● **The problem**: From the first line to the last, set down the data exactly as given.

● **Dataset content**:

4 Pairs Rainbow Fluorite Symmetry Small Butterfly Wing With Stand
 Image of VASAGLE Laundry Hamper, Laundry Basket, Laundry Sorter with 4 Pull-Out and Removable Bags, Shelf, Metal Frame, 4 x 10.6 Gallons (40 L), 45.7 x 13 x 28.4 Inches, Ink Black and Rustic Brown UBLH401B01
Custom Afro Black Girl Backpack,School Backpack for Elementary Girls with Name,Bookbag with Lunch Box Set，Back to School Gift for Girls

● **Solution for this problem**:
4 Pairs Rainbow Fluorite Symmetry Small Butterfly Wing With Stand
 Image of VASAGLE Laundry Hamper, Laundry Basket, Laundry Sorter with 4 Pull-Out and Removable Bags, Shelf, Metal Frame, 4 x 10.6 Gallons (40 L), 45.7 x 13 x 28.4 Inches, Ink Black and Rustic Brown UBLH401B01
Custom Afro Black Girl Backpack,School Backpack for Elementary Girls with Name,Bookbag with Lunch Box Set，Back to School Gift for Girls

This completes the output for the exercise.